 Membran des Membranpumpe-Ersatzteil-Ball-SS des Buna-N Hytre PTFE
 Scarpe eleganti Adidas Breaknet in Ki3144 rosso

* * *

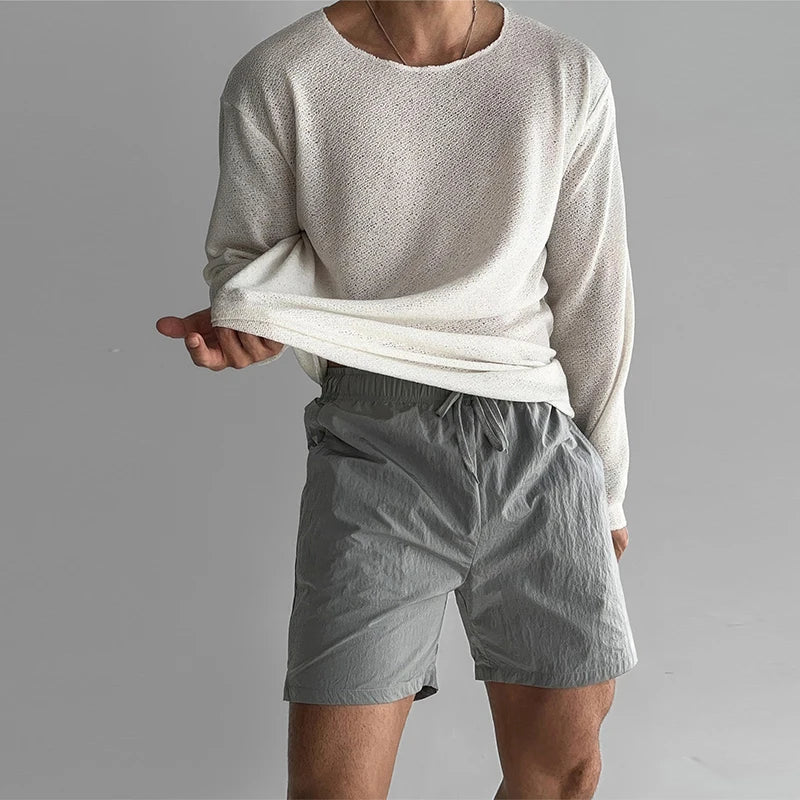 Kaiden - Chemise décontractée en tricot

--

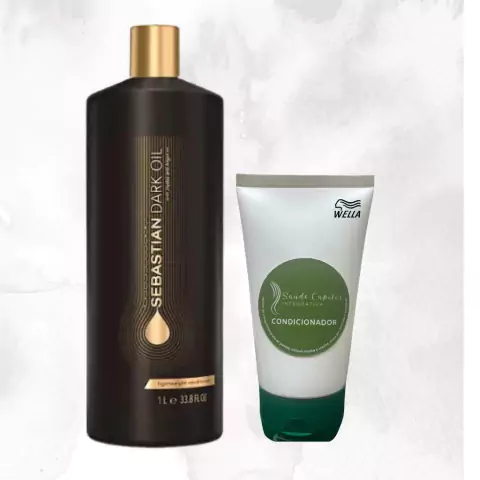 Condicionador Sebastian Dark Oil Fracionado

EXERCISE GOAL
Give only the lines from the one holding "Membran des Membranpumpe-Ersatzteil-Ball-SS" through the one holding "Scarpe eleganti Adidas", each restated exactly as it appears above.

EXERCISE RESULT
 Membran des Membranpumpe-Ersatzteil-Ball-SS des Buna-N Hytre PTFE
 Scarpe eleganti Adidas Breaknet in Ki3144 rosso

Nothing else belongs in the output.